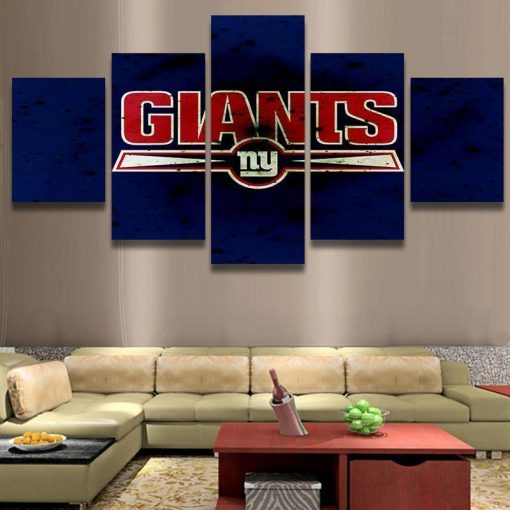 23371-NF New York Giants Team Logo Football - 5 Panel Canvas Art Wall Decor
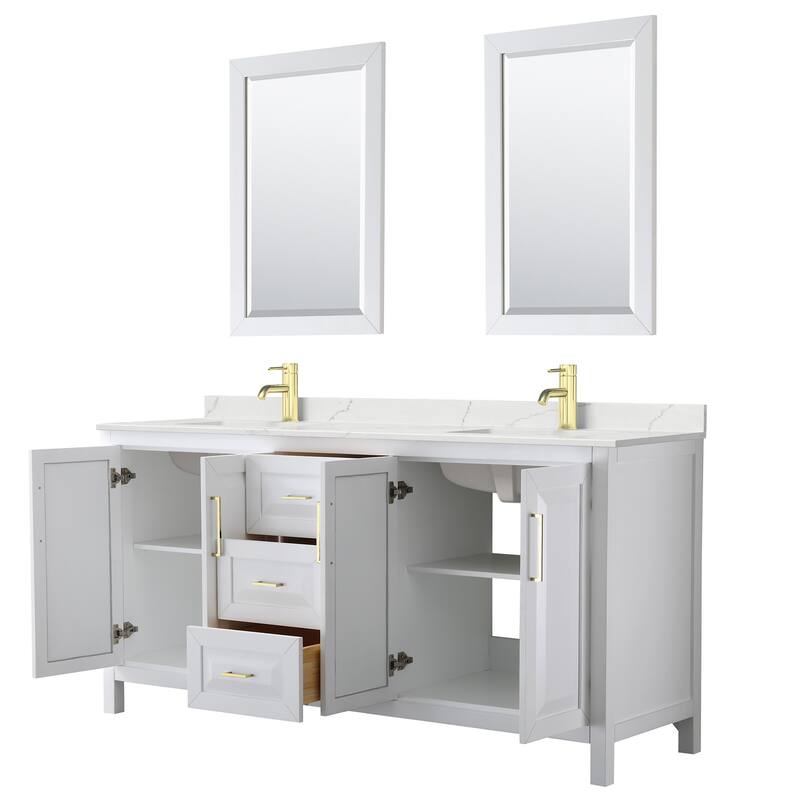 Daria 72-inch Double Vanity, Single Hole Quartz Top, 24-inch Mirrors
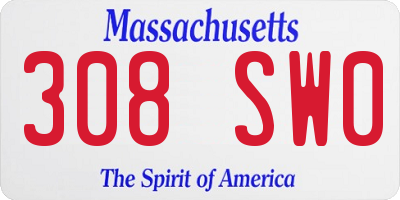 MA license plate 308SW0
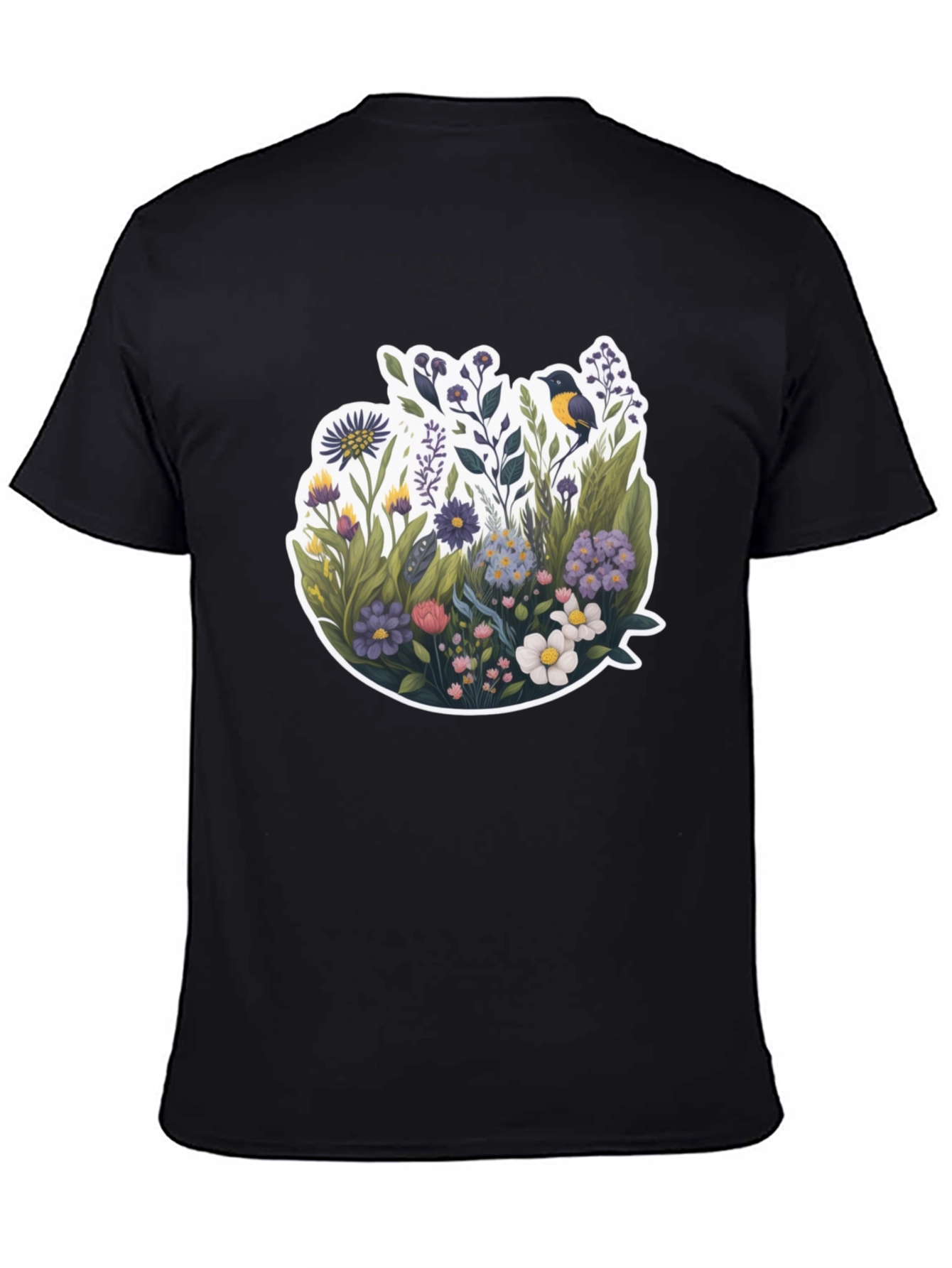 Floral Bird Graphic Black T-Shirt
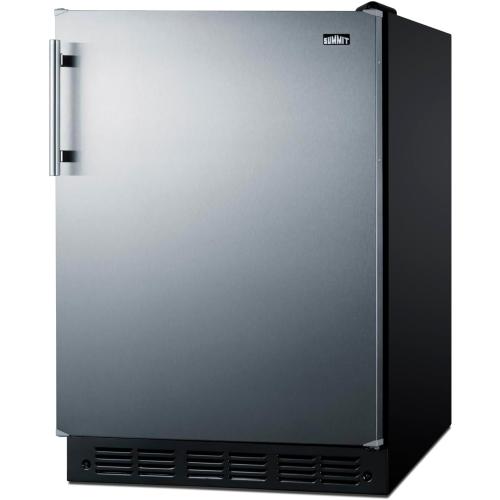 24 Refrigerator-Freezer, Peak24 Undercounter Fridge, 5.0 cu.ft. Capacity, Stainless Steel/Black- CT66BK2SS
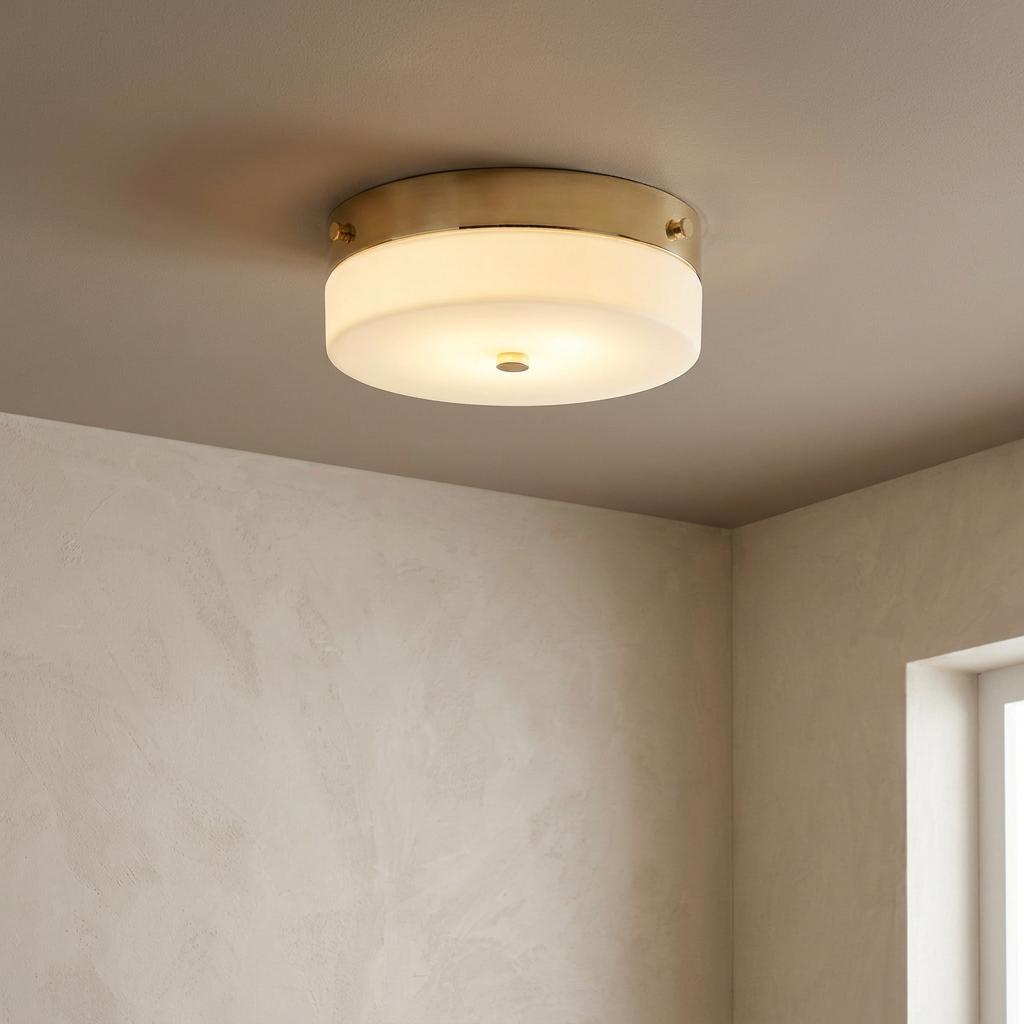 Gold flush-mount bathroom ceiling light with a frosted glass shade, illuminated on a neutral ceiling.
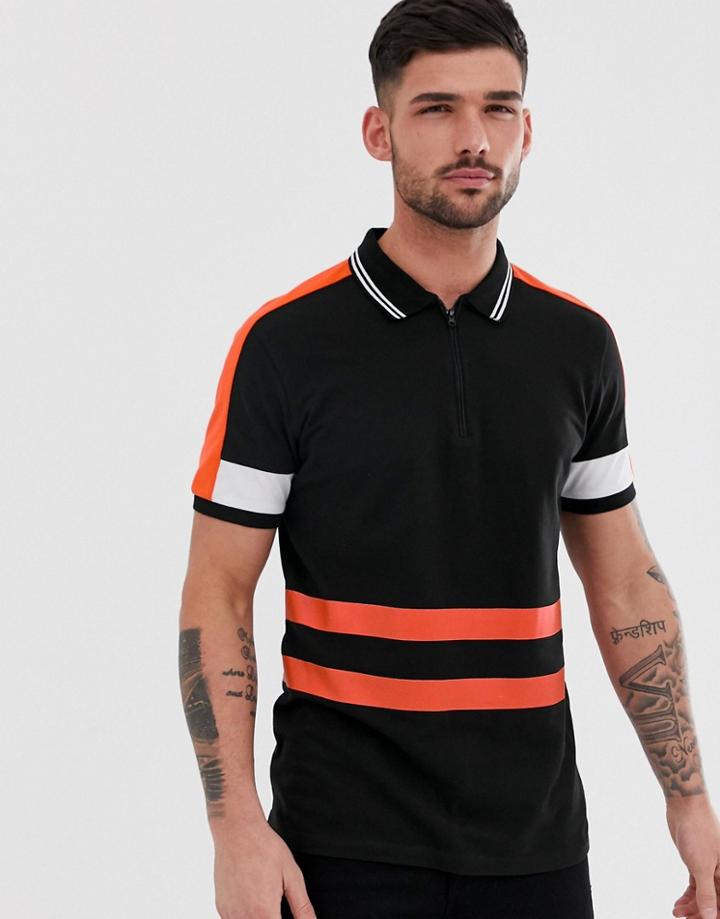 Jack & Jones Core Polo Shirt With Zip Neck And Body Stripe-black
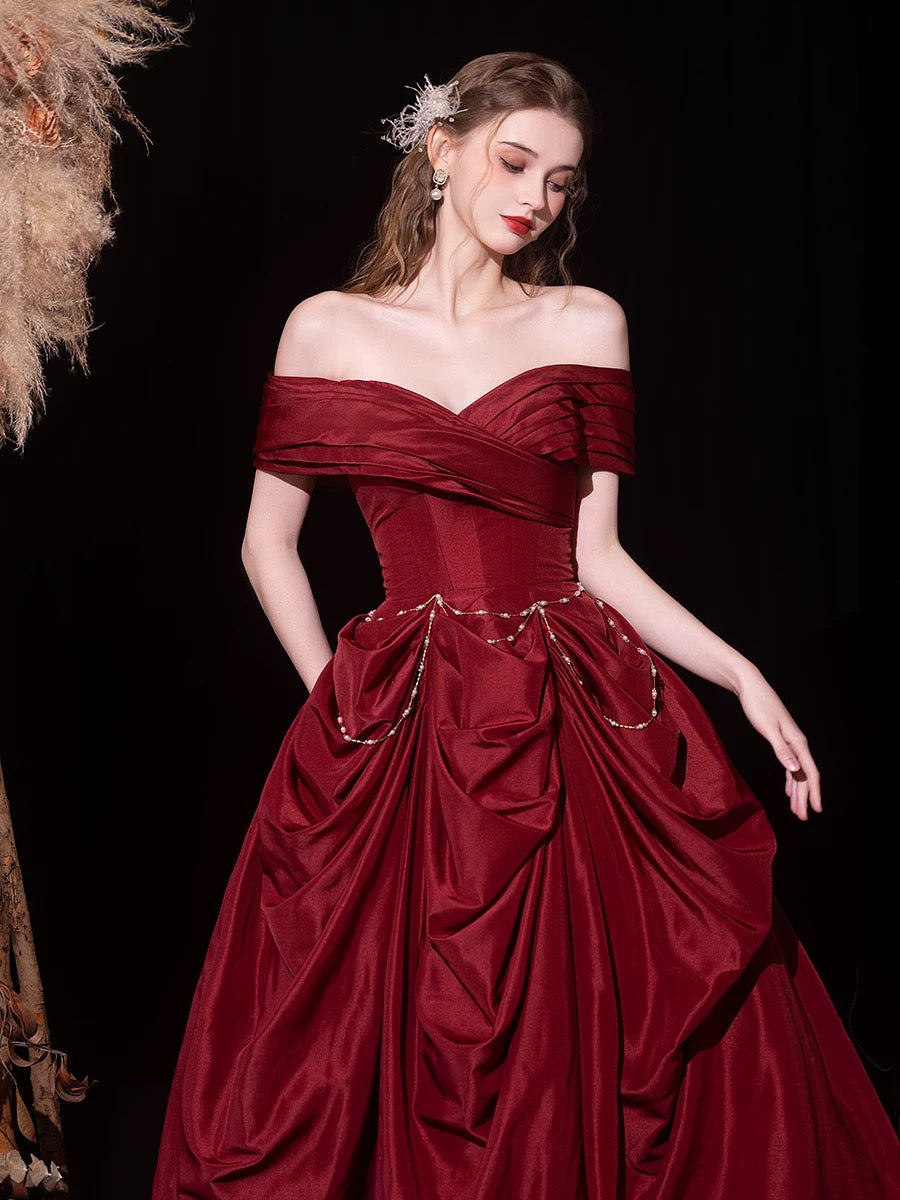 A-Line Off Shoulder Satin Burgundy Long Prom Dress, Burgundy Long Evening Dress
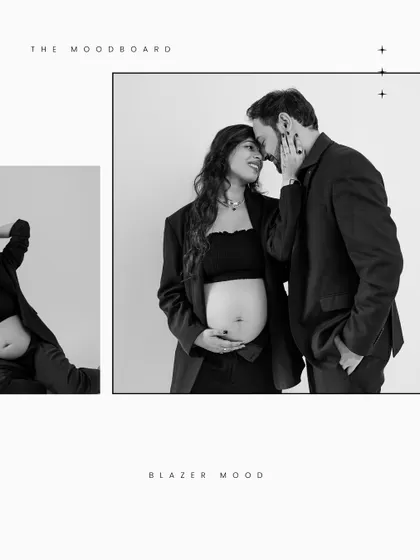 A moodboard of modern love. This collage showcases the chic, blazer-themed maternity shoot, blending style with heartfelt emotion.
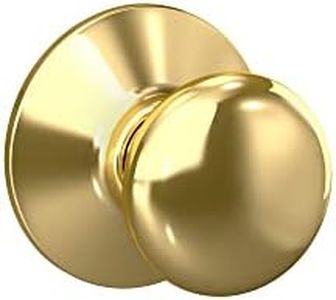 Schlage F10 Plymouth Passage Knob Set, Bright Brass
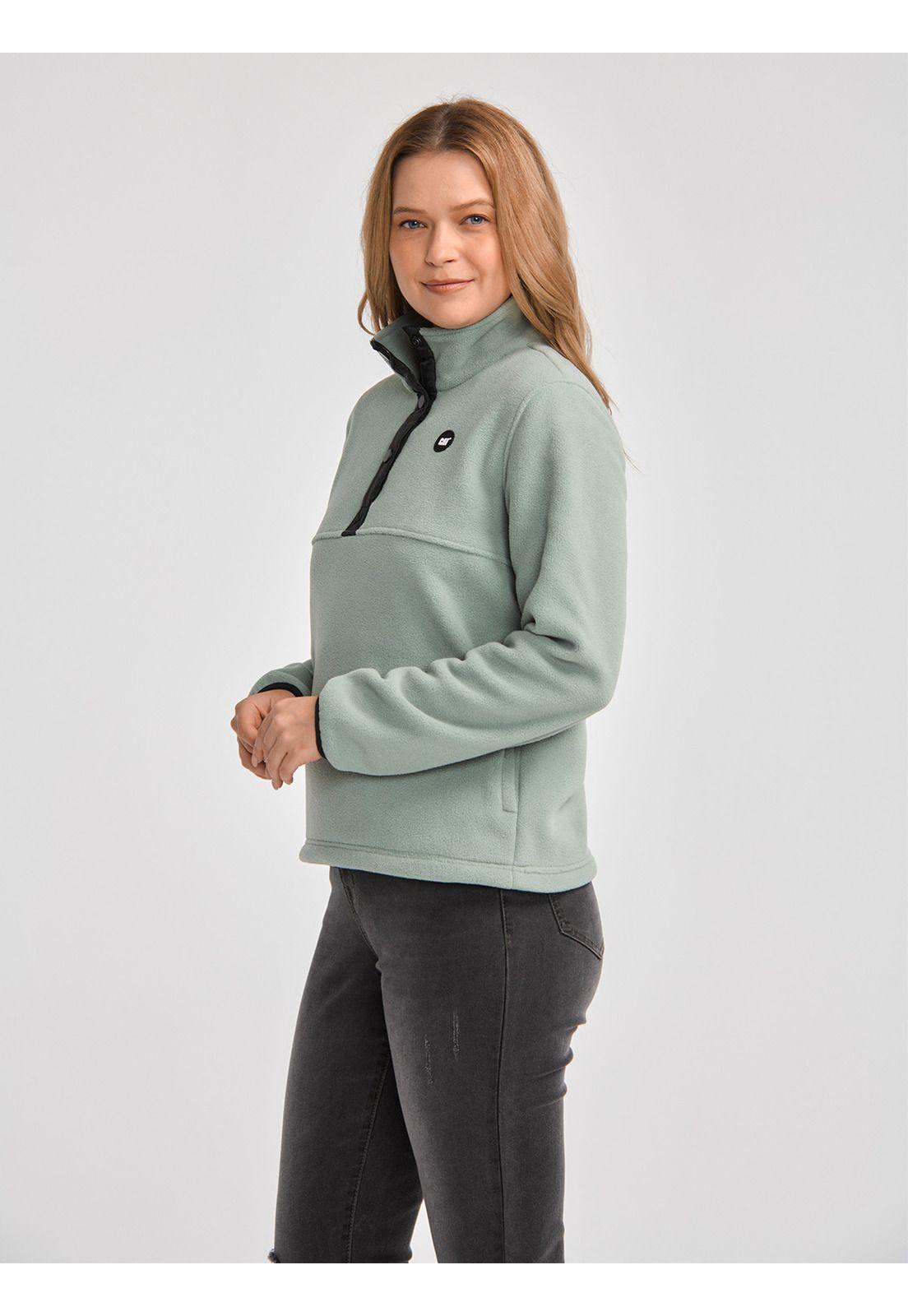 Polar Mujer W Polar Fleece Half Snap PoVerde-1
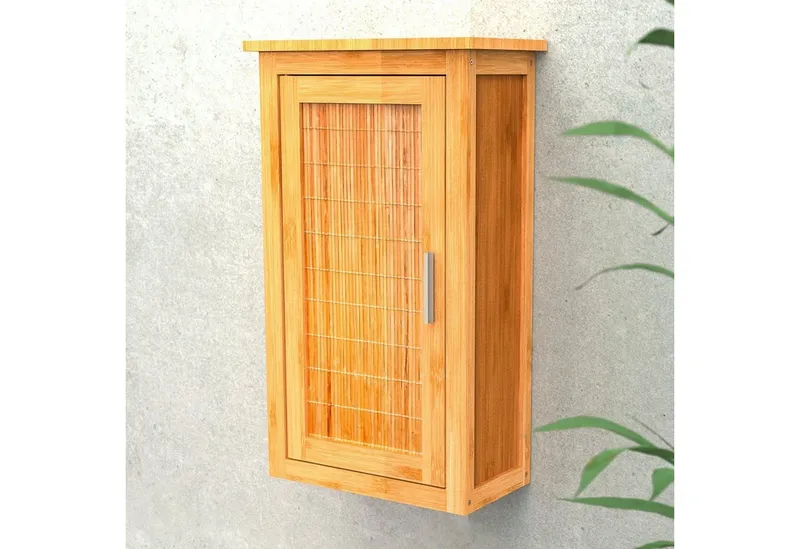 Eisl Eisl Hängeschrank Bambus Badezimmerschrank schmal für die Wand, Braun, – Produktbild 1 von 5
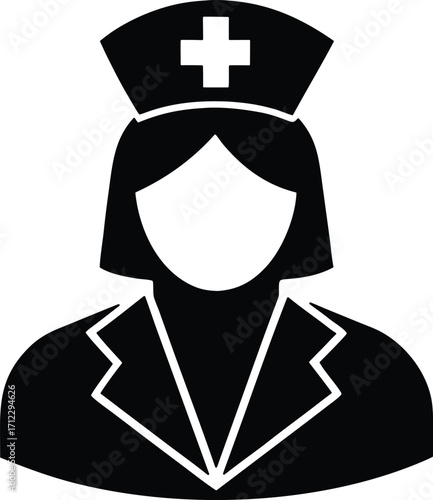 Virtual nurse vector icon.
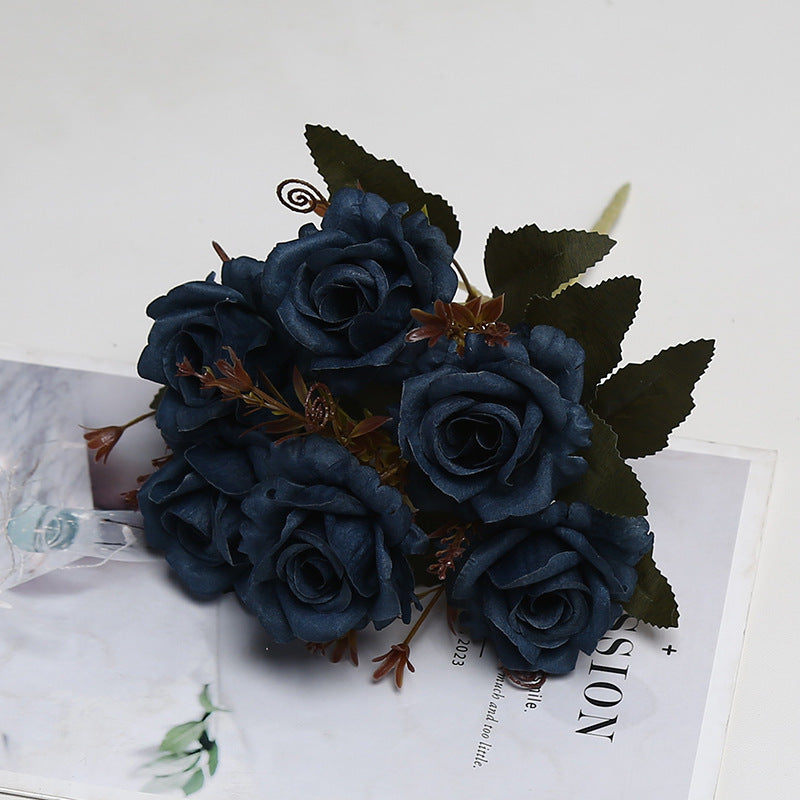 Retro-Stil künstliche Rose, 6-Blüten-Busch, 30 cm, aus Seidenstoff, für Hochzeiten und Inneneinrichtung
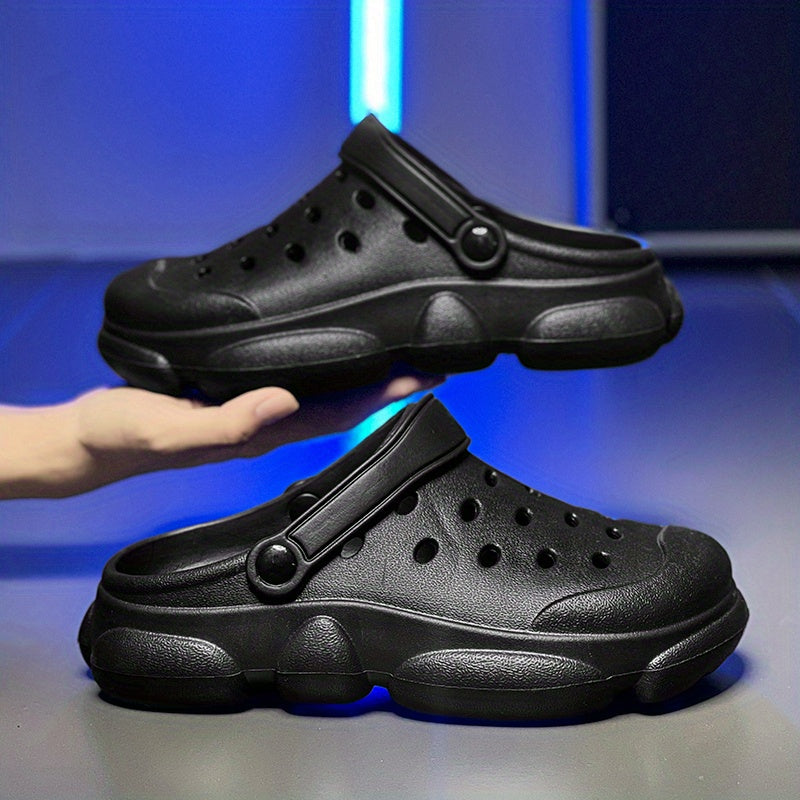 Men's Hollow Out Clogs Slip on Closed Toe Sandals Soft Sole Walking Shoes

--*--

● Your objective
Any picture in the listing is to be omitted. Return exactly the lines from the one containing "Daria 72-inch Double" through its last line, both included, and only those.

● Exercise response
 Daria 72-inch Double Vanity, Single Hole Quartz Top, 24-inch Mirrors
 MA license plate 308SW0
 Floral Bird Graphic Black T-Shirt
 24 Refrigerator-Freezer, Peak24 Undercounter Fridge, 5.0 cu.ft. Capacity, Stainless Steel/Black- CT66BK2SS
 Gold flush-mount bathroom ceiling light with a frosted glass shade, illuminated on a neutral ceiling.
 Jack & Jones Core Polo Shirt With Zip Neck And Body Stripe-black
 A-Line Off Shoulder Satin Burgundy Long Prom Dress, Burgundy Long Evening Dress
 A moodboard of modern love. This collage showcases the chic, blazer-themed maternity shoot, blending style with heartfelt emotion.
 Schlage F10 Plymouth Passage Knob Set, Bright Brass
 Polar Mujer W Polar Fleece Half Snap PoVerde-1
 Eisl Eisl Hängeschrank Bambus Badezimmerschrank schmal für die Wand, Braun, – Produktbild 1 von 5
 Virtual nurse vector icon.
 Retro-Stil künstliche Rose, 6-Blüten-Busch, 30 cm, aus Seidenstoff, für Hochzeiten und Inneneinrichtung
 Men's Hollow Out Clogs Slip on Closed Toe Sandals Soft Sole Walking Shoes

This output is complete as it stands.